## DATASET RECORDS
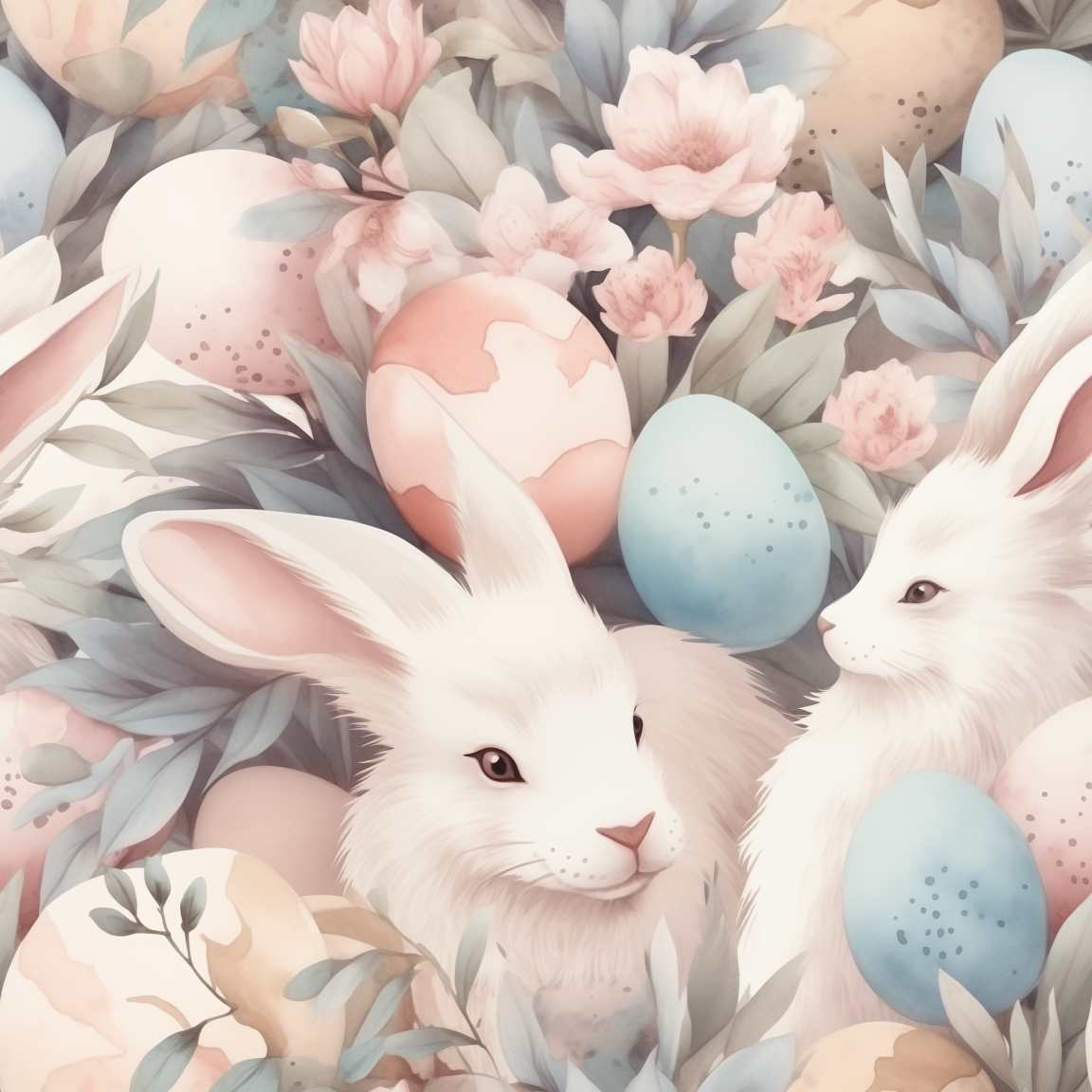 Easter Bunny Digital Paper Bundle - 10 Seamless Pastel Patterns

==

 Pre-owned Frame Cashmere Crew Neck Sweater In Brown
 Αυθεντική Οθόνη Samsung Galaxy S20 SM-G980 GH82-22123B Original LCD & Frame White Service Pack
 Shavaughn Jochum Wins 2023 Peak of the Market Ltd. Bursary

==

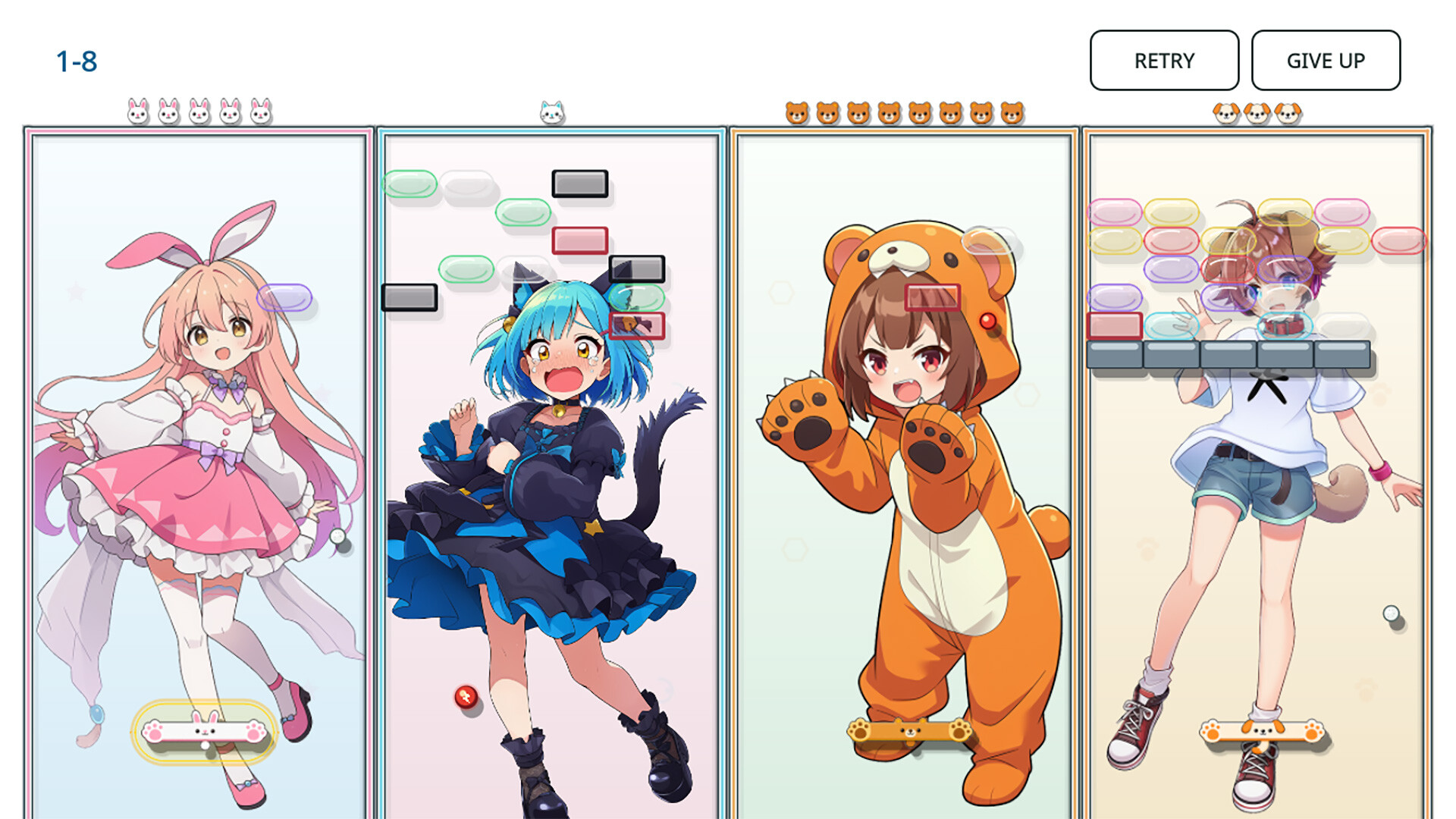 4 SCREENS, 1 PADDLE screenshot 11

## TASK BRIEF
Take the lines above from the one containing "Pre-owned Frame Cashmere" down to the one containing "Shavaughn Jochum Wins", and transcribe them exactly, both ends included.

## SOLUTION TO THIS EXERCISE
 Pre-owned Frame Cashmere Crew Neck Sweater In Brown
 Αυθεντική Οθόνη Samsung Galaxy S20 SM-G980 GH82-22123B Original LCD & Frame White Service Pack
 Shavaughn Jochum Wins 2023 Peak of the Market Ltd. Bursary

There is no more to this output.